L'Umbria è il cuore verde d'Italia per antonomasia, ma questa non è una "semplice" definizione: è una dichiarazione d'amore per il territorio che per quasi metà (i dati riportano il 47%) è ricoperto da boschi. Quel verde è il risultato di un impegno che si colloca nell'equilibrio tra preservazione e nuove piantumazioni che il Comune di Narni in questo progetto esprime in pieno.

La strada, ha ricordato Lucarelli, è stata realizzata in "una vecchia area di poco pregio" che ora che i lavori sono in dirittura d'arrivo, diventerà un vero e proprio giardino urbano. "Lungo i poco più di mille metri della strada – ha spiegato in un comunicato – verranno piantati nuovi alberi che avranno due compiti principali: ripristinare quelli abbattuti durante i lavori, non tantissimi, ma comunque eliminati, e aumentare il loro numero per combattere la CO2". Uno scopo nobile che durante il caldo estivo contribuirà inoltre a mantenere la temperatura più fresca.

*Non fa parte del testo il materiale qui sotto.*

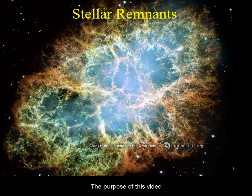The purpose of this video is an overview of stellar remnants. We will look at the origins, physical properties, and observational evidence for white dwarves, neutron stars, and black holes.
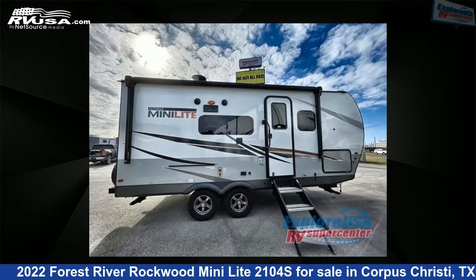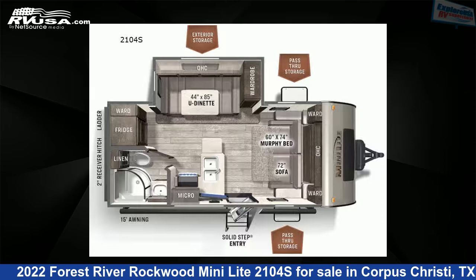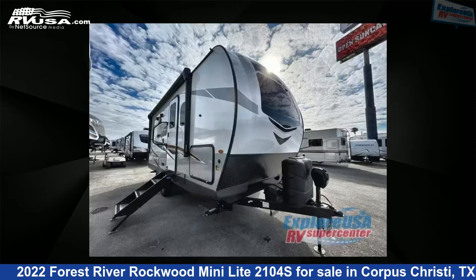This 2022 Forest River Rockwood Mini Lite 2104S is a travel trailer RV. It is located in Corpus Christi, Texas 78409 and is offered for sale by Explore USA Corpus Christi.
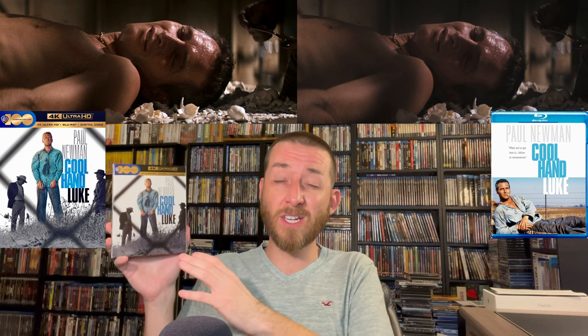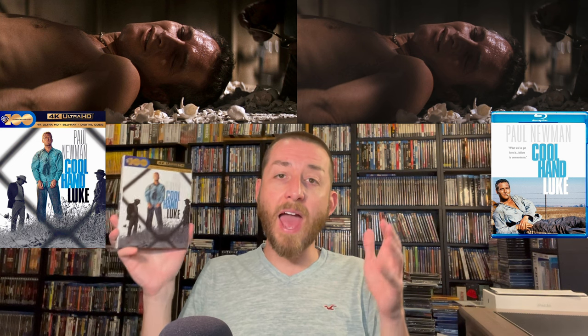For audio, Cool Hand Luke has an English DTS-HD Master Audio 2.0 mix. This wasn't a massive upgrade over the Blu-ray — it does sound better, but it's limited by its original source material. They did fix some hisses, clicks, and issues that were retained on the old Blu-ray. It's not perfect — with more time on the audio mix it could sound better — but it is a slight upgrade in the audio department.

Una nuova passeggiata per la città

"Faremo diventare – ha annunciato il primo cittadino - quella striscia d’asfalto una sorta di giardino botanico dove sarà piacevole anche passeggiare. Gli uffici e gli specialisti – ha aggiunto - stanno scegliendo le essenze per avviare da subito questa operazione che guarnirà in modo davvero esemplare il nuovo collegamento viario".

Un passaggio importante che creerà anche continuità con le tipologie arborre già presenti sul territorio. "Sono stati presi contatti con gli organi preposti - ha detto in proposito il sindaco - per scegliere le specie adatte che non siano estranee al panorama e alla storia della città medievale. Sarà previsto anche un impianto di irrigazione a goccia per i primi anni in modo da sostenere la crescita arborea che poi avverrà naturalmente".

Da collina di rifiuti a polmone verde. Un recupero esemplare

Quella collina dove è stata realizzata la nuova strada era in orgine una discarica creatasi con i rifiuti edili del secondo dopoguerra "per cui con livelli di pregio trascurabili - ha osservato Lucarelli - ed aveva anche elementi di scarsa stabilità che sono stati risolti tecnicamente con operazioni di consolidamento. Il Comune è partito da questo scenario per ridipingerne uno nuovo più efficiente ma anche più bello. La sfida – conclude - è stata quella di unire il potenziamento delle comunicazioni alla trasformazione di un pezzo di città in una sorta di giardino".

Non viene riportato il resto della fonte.